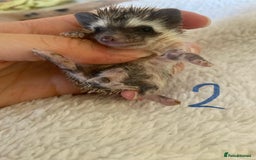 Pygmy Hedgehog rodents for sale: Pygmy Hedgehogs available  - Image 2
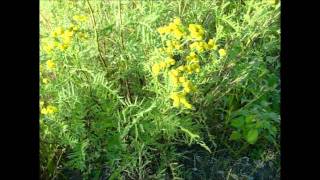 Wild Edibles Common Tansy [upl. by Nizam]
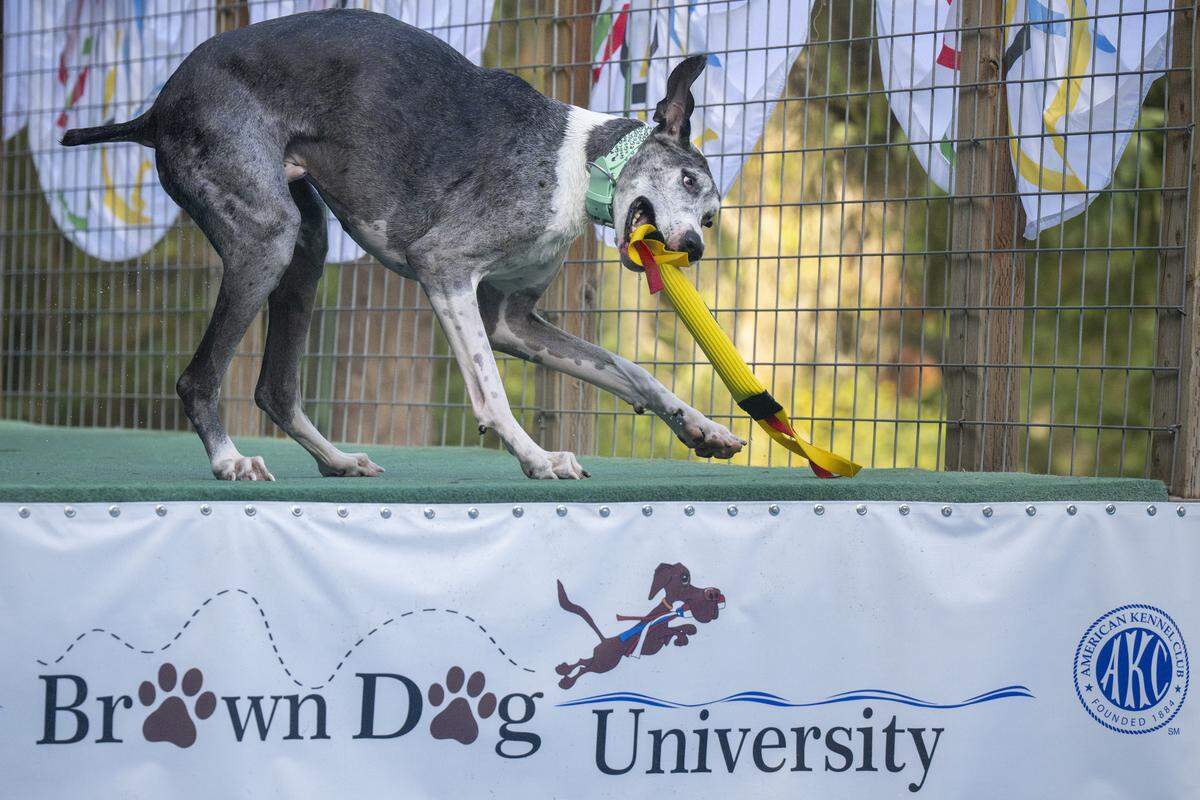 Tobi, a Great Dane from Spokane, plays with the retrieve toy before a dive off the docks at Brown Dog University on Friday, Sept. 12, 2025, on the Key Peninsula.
——
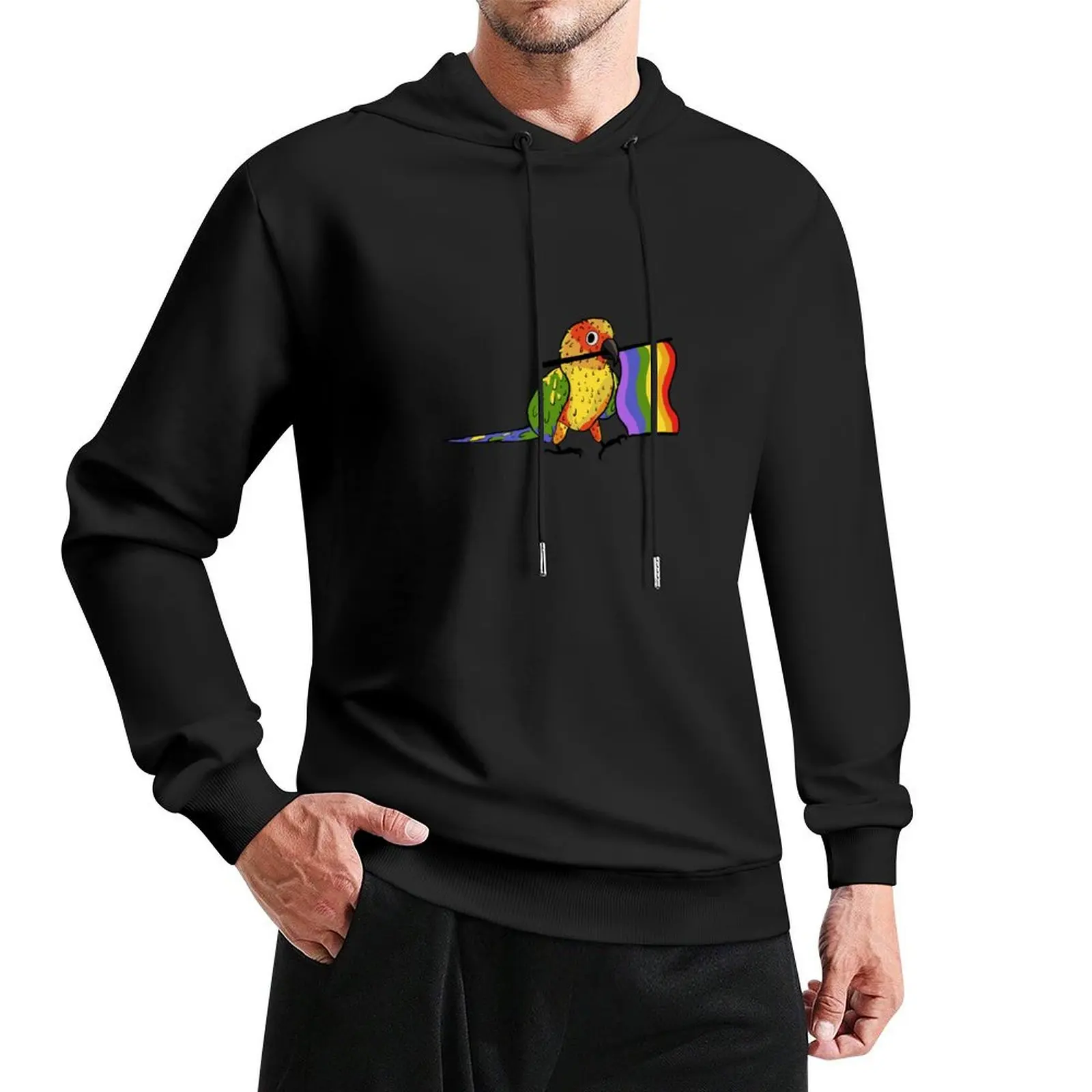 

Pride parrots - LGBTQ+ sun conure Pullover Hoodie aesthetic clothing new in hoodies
——
- WORK ORDER: The reply should hold exactly the lines above, starting at the line with "Pygmy Hedgehog rodents" and ending at the line with "Tobi, a Great", and no pictures.

- RESPONSE TO THE TASK:
 Pygmy Hedgehog rodents for sale: Pygmy Hedgehogs available  - Image 2
 Wild Edibles Common Tansy [upl. by Nizam]
 Tobi, a Great Dane from Spokane, plays with the retrieve toy before a dive off the docks at Brown Dog University on Friday, Sept. 12, 2025, on the Key Peninsula.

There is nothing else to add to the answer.